A preocupação com as
mudanças climáticas diminuiu, segundo o estudo, mas os temores cresceram quando
se trata de questões como inflação, economia e pobreza na velhice.
A pesquisa mostrou que
os jovens estavam especialmente preocupados com a inflação (65%), moradias
caras (54%), pobreza na velhice (48%), a divisão da sociedade (49%) e o aumento
dos fluxos de migrantes e refugiados (41%).
"Podemos falar de
uma clara mudança à direita na população jovem", disse o autor Klaus
Hurrelmann. "Enquanto os partidos do governo [de coalizão] continuam a
cair em popularidade, a AfD é particularmente popular." O atual governo
federal alemão é governado por uma coalizão entre o SPD, os Verdes e liberais.
Outro fator que
costuma ser creditado como responsável pelo avanço da AfD entre os jovens é o
uso sistemático de redes sociais pela máquina de propaganda do partido, especialmente o TikTok.
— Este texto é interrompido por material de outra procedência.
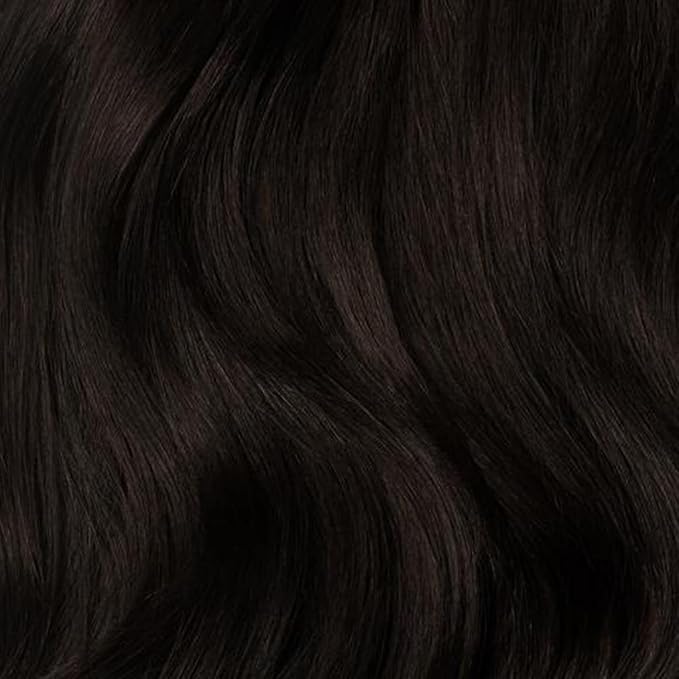 Luxy Hair 24" Mocha Brown Classic Clip-In Hair Extensions (240 grams) 100% Remy Human Hair, Natural,Volume, 10-Piece Set, Blends Easily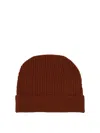 Etro Beanie Hat With Logo In Brown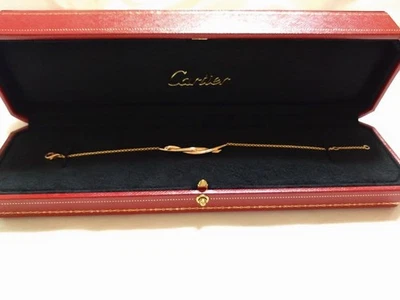 Pulsera Cartier Entrelace Oro Rosa 18K Usada Foto 1 de 4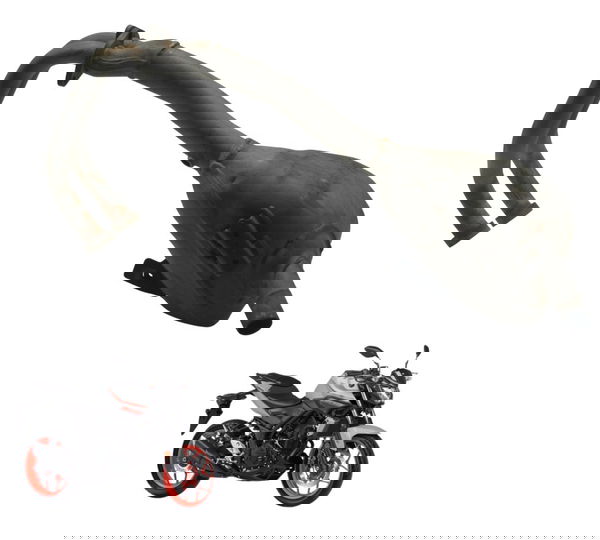 Curva Escape Yamaha Mt 03 16-19 Original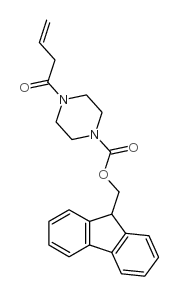 4-(1-氧代-3-丁烯-1-基)-1-哌嗪甲酸-9H-芴-9-甲酯图片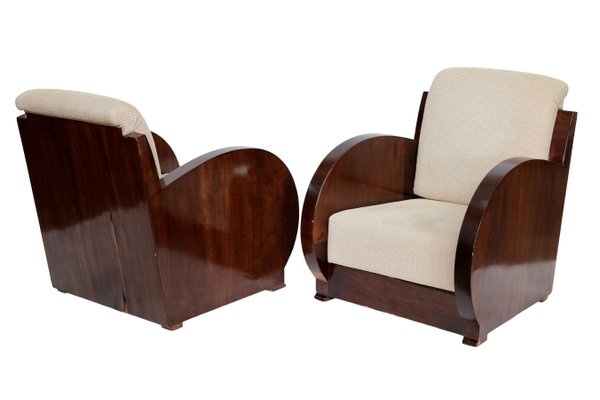 Art Deco Armchairs, 1990s, Set of 2-CXC-1756478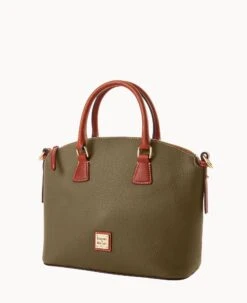 Pebble Grain Domed Satchel Olive 26 Pebble Grain Domed Satchel Olive -Dooney & Bourke B2327G AWOLPATN ALT1 1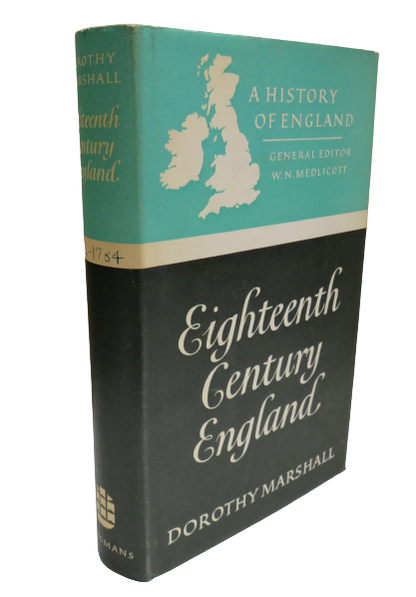 Eighteenth Century England By Dorothy Marshall 1968 book front cover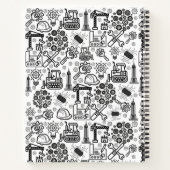 Carnet Architectural Blueprint Engineer noir et blanc (Dos)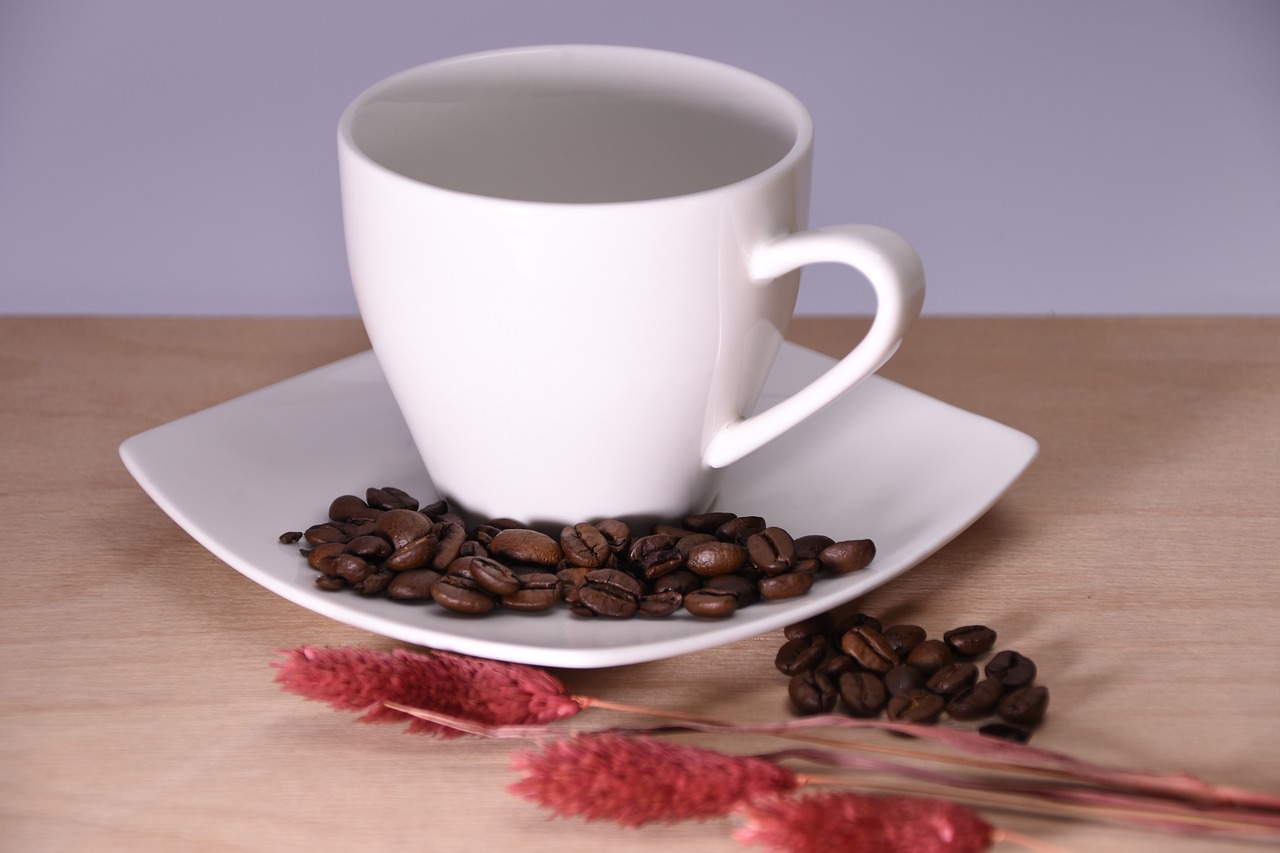 Image - cup grain coffee coffee still life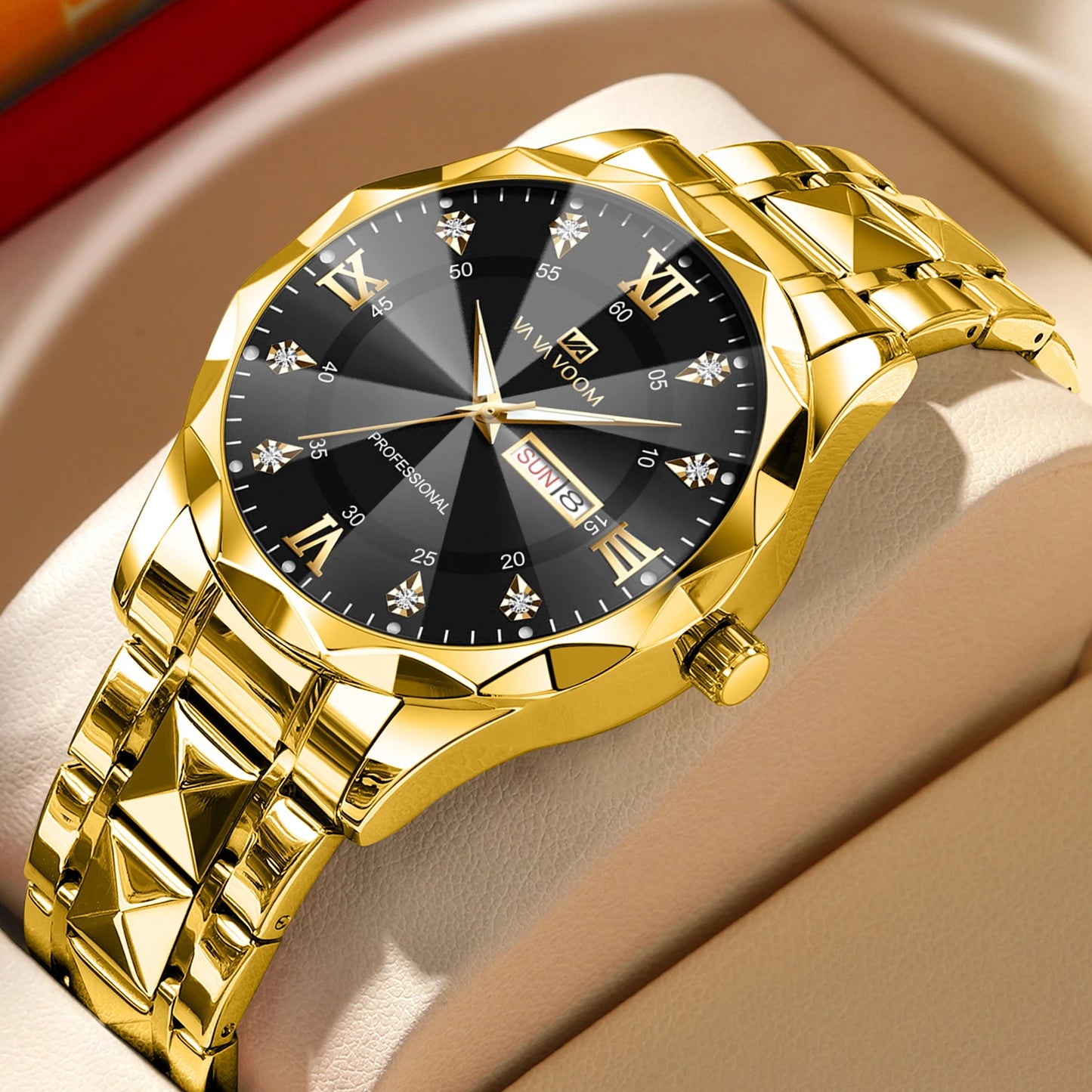 VA VA VOOM 41mm Business Watch - Quartz Week Display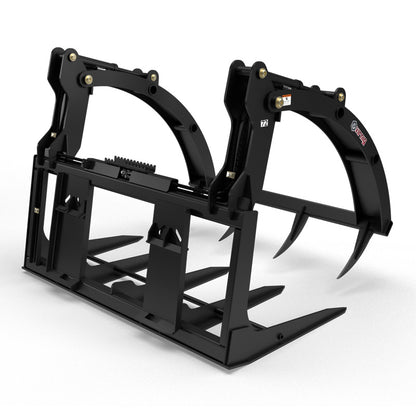 Virnig Big Bale Grapple | Models BG54, BG72 & BG84 | Widths 56" To 86" | Hydraulic Flow 15 To 25 GPM | For Skid Steer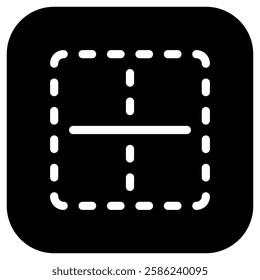 Editable middle center border vector icon. Part of a big icon set family. Perfect for web and app interfaces, presentations, infographics, etc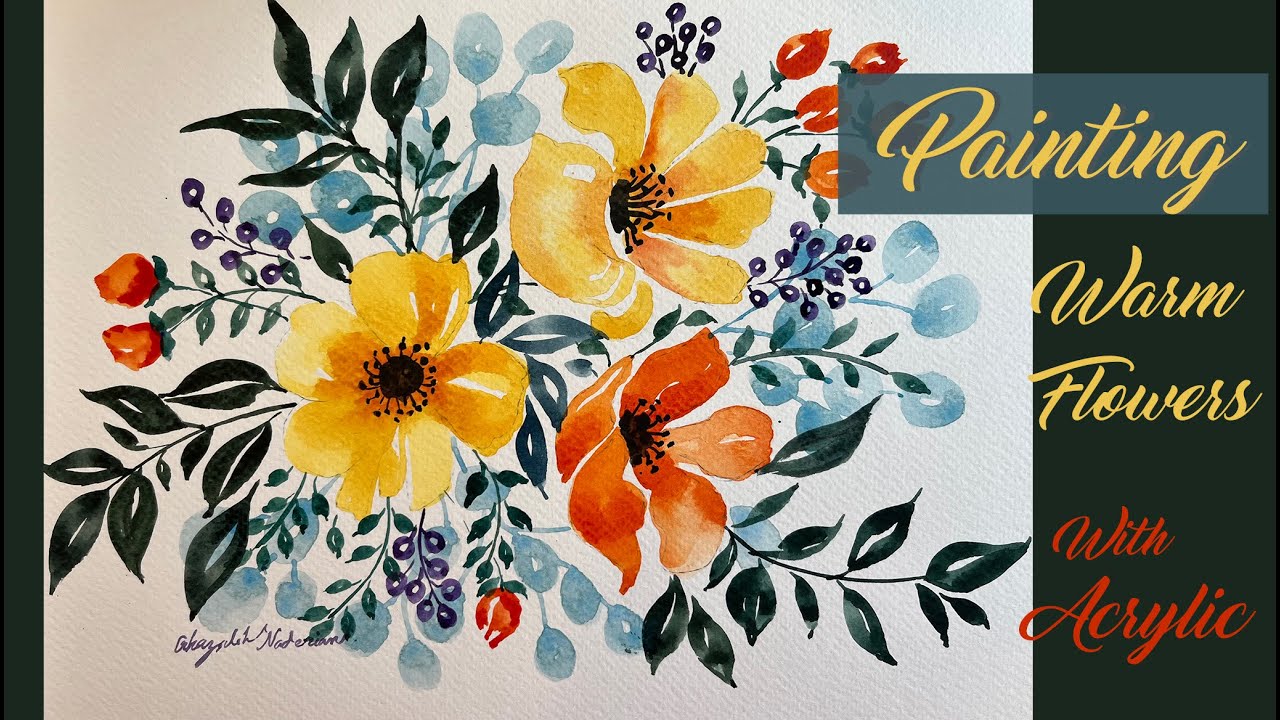 Painting flowers 🌸 How does Hot Press Watercolor Paper work? 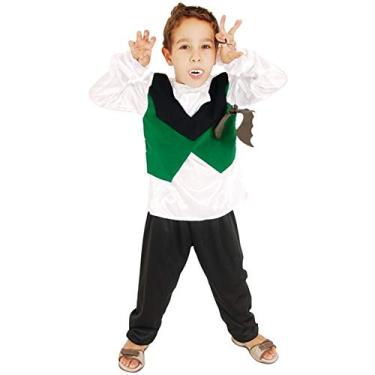 Imagem de Fantasia Cebolinha Dracula Infantil Turma da Monica P 2-4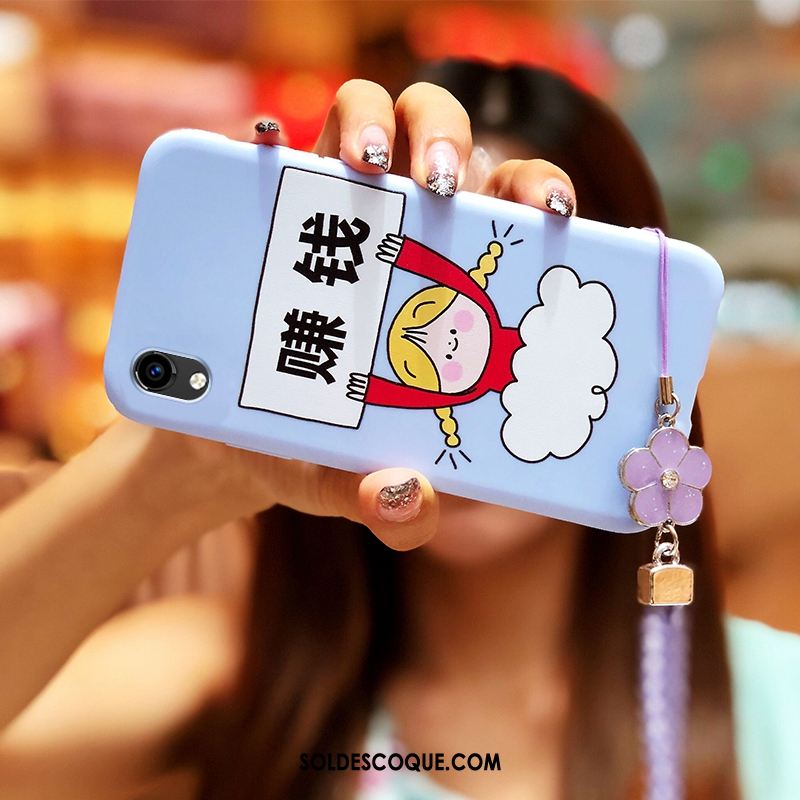 Coque Huawei Y5 2019 Incassable Protection Bleu Ornements Suspendus Téléphone Portable Pas Cher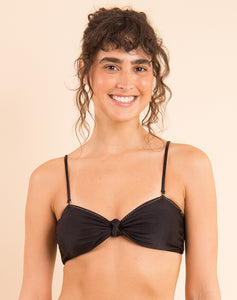 Image 11: Rio De Sol Oberteil Top Shimmer-Black Bandeau-Joy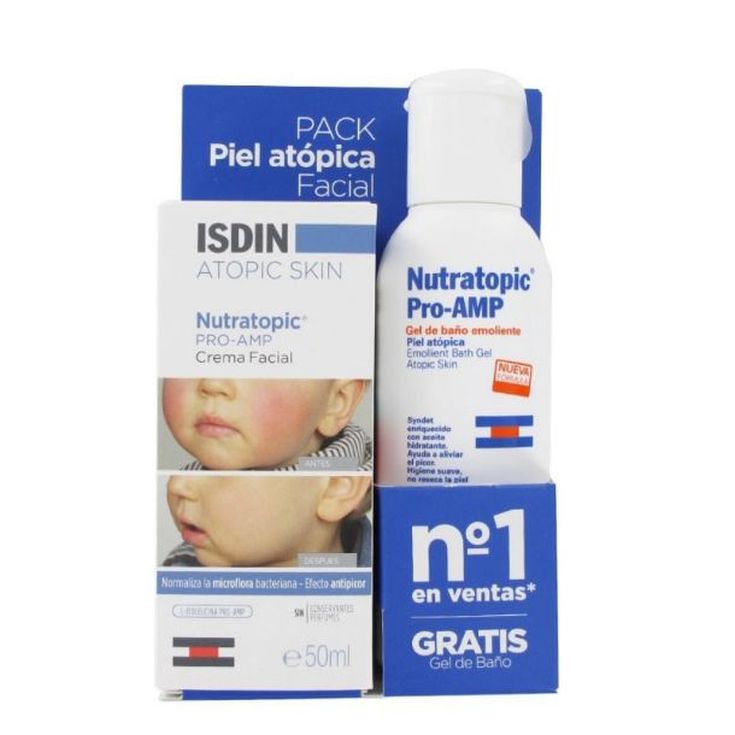 isdin nutratopic pro-amp crema facial infantil piel atópica+gel 100ml isdin nutratopic pro-amp crema facial infantil piel atópica+gel 100ml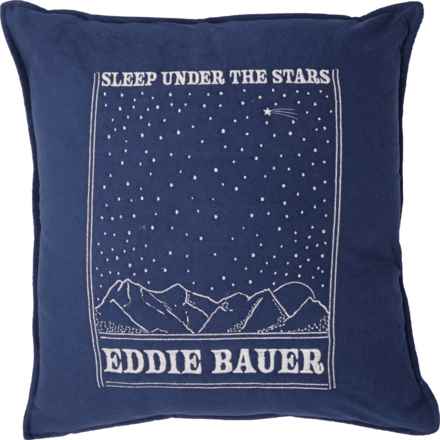 Eddie Bauer Sleep Under the Stars Throw Pillow - 20x20” in Navy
O uso do
aplicativo pela sigla ganhou destaque na última eleição europeia, em junho, que
também permitiu o voto a partir de 16 anos.
Na ocasião, o partido
triplicou seus votos entre eleitores abaixo de 24 anos.
Inicialmente a AfD
havia recebido mal os planos de reduzir a idade para votar para 16 anos nas
eleições europeias e em alguns pleitos estaduais. Mas, depois de tentar barrar
sem sucesso a medida, a AfD se voltou estrategicamente para os jovens como
nenhum outro partido alemão. Por meio de campanhas direcionadas nas redes
sociais, principalmente no TikTok e no Instagram, conseguiu atingir esse grupo
com mensagens emotivas, diretas e fáceis de entender.